Why It’s Important To Cherish the Many Things in Life Above Politics | Eastern North Carolina Now

Publisher's Note: This post appears here courtesy of the John Locke Foundation. The author of this post is Jon Sanders.

    Joe Coletti's piece in Carolina Journal opens with an important point: "The undercounted cost of the COVID pandemic is in the lives lost to despair, addiction, suicide, and other illnesses." These are made worse by "the lack of human contact," either by personal choice or worse, by government orders.

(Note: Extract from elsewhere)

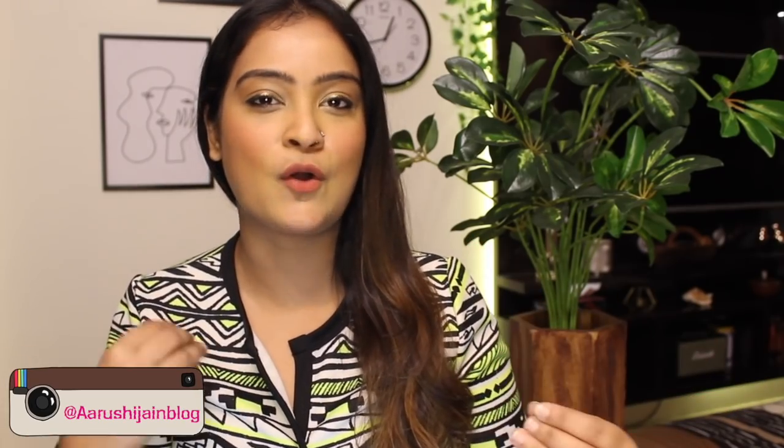Hi everyone, welcome back to my channel. I hope each one of you is doing well. Now most women tend to skip moisturizers because it makes their skin greasy or oily, in addition to the environmental triggers that affect the skin. But it is actually very important to understand the importance of a very good moisturizer and the difference it can really make to our skin. However, at the same time, we must keep looking for a moisturizer that keeps our face covered at all times while giving it a matte and non-greasy look.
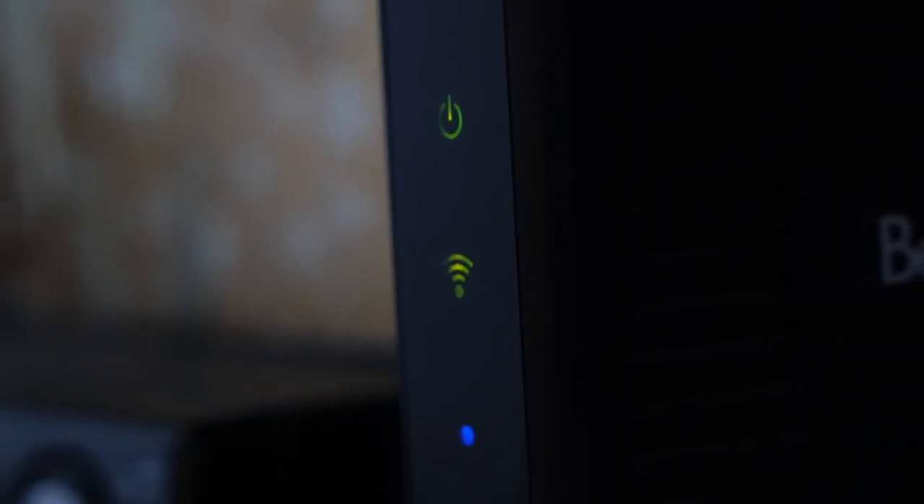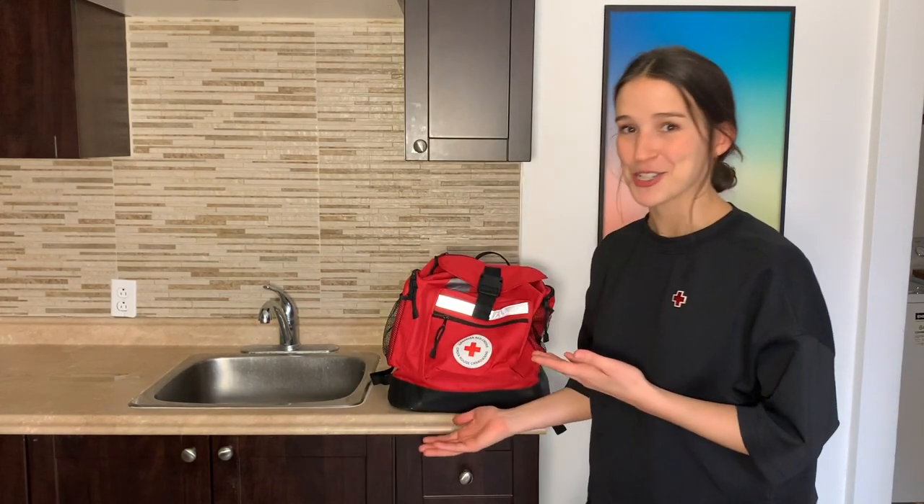When food starts to defrost, it generally needs to be thrown out. When in doubt, throw it out. Third, I would gradually turn on my appliances and electronics to avoid damage from a power surge. Finally, I would go outside to check for any signs of damage or danger around my house. Be ready for an emergency like a power outage — get an emergency kit.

    Coletti highlights the need for those of us on the side of free markets to remember there's more to life than market freedoms:

  • Ensuring free and competitive domestic markets is part of a package of protections ensuring broader freedoms — of thought, of action, and of association. These nonmarket freedoms are what make life worth living. Love and friendship, obligations and gifts, joy and pain all exist apart from markets and government, though they exist more where markets have more sway because government is more limited. Something we don't emphasize nearly enough is that we advocate for markets, liberty, and freedom because they are markers of a healthy society where people can live with dignity, meaning, and purpose. When young people do not have rich interactions with peers and adults, they get lost.

    I think we at JLF have done a good job in emphasizing the freedoms that "make life worth living." Our mission statement shows we know the reason we advocate individual liberty and limited, constitutional government is to yield "a better balance between the public sector and private institutions of family, faith, community, and enterprise."


Breaking bread together

    Especially because politics tends toward division, it's best to keep it a small part of life so that we can enjoy richer interactions with more people in our communities. Limited government that respects individual rights and freedoms necessarily keeps politics at a lower boil so that every election doesn't seem matters of life and death pitting good vs. evil.

    We should not only remember, but cherish the many things in life above politics:

  • As Paul wrote to the church at Philippi, "whatever is true, whatever is noble, whatever is right, whatever is pure, whatever is lovely, whatever is admirable — if anything is excellent or praiseworthy — think about such things." And there we find family, friends, food, music and the arts, sports, and so on, and yes, even politicians and political accomplishments, but none to the detriment of the rest.

    Breaking bread together with family and friends is one of the best things in life. Doing so at Thanksgiving, in the true spirit of communally expressing thanks to God, is even more beautiful and worth holding on to.